BEGIN

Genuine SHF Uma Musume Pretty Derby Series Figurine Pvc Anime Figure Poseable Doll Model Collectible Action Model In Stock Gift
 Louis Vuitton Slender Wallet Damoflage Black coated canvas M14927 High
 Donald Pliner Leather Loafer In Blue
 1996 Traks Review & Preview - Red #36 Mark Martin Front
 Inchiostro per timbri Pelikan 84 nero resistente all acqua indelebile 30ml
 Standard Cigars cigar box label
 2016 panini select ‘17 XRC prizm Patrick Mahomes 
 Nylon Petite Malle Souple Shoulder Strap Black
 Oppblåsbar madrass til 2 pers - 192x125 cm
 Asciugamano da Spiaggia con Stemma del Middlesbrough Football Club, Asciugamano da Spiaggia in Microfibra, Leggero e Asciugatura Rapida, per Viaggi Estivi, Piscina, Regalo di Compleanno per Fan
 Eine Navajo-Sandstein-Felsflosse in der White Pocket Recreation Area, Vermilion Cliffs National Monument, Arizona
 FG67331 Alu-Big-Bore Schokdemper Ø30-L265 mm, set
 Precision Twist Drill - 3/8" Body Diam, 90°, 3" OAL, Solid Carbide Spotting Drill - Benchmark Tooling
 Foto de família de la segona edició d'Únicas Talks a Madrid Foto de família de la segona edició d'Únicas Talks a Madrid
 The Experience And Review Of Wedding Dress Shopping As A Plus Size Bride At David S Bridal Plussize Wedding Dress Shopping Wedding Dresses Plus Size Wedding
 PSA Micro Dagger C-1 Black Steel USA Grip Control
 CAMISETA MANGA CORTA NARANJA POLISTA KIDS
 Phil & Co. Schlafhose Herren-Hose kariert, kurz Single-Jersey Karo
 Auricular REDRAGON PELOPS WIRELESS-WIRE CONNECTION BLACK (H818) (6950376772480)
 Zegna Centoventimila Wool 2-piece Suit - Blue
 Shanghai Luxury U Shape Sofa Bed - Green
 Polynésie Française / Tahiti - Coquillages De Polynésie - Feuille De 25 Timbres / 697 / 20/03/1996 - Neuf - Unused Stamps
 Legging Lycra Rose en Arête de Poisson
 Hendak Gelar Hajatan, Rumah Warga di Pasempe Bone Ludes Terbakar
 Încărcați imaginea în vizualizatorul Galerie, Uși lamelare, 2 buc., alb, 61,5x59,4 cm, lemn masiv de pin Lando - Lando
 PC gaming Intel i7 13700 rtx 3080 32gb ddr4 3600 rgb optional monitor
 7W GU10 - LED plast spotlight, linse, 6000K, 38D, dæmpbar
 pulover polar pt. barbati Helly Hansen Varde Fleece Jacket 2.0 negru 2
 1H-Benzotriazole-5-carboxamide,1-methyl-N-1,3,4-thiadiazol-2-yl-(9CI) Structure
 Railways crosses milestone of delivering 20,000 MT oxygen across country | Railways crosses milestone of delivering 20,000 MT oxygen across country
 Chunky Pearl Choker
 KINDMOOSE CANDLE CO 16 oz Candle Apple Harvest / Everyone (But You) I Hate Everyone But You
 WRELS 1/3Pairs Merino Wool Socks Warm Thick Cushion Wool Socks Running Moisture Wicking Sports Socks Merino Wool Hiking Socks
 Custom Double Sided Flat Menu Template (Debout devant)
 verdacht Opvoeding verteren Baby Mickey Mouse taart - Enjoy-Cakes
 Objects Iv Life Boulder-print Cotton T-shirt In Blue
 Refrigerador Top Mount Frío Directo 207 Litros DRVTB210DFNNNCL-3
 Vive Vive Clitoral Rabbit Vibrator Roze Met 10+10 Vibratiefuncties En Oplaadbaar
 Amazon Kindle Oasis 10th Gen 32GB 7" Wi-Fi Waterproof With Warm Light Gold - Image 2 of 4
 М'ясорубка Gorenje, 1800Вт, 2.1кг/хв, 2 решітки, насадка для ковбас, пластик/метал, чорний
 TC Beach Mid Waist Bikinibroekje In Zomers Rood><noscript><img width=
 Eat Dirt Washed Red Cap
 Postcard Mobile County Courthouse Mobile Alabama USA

END

▸ **Work item**: The first line of the entries, the line with "Oppblåsbar madrass til 2 pers - 192x125 cm", and every line between them should be retyped exactly, and nothing else.

▸ **Solution below**:
Genuine SHF Uma Musume Pretty Derby Series Figurine Pvc Anime Figure Poseable Doll Model Collectible Action Model In Stock Gift
 Louis Vuitton Slender Wallet Damoflage Black coated canvas M14927 High
 Donald Pliner Leather Loafer In Blue
 1996 Traks Review & Preview - Red #36 Mark Martin Front
 Inchiostro per timbri Pelikan 84 nero resistente all acqua indelebile 30ml
 Standard Cigars cigar box label
 2016 panini select ‘17 XRC prizm Patrick Mahomes 
 Nylon Petite Malle Souple Shoulder Strap Black
 Oppblåsbar madrass til 2 pers - 192x125 cm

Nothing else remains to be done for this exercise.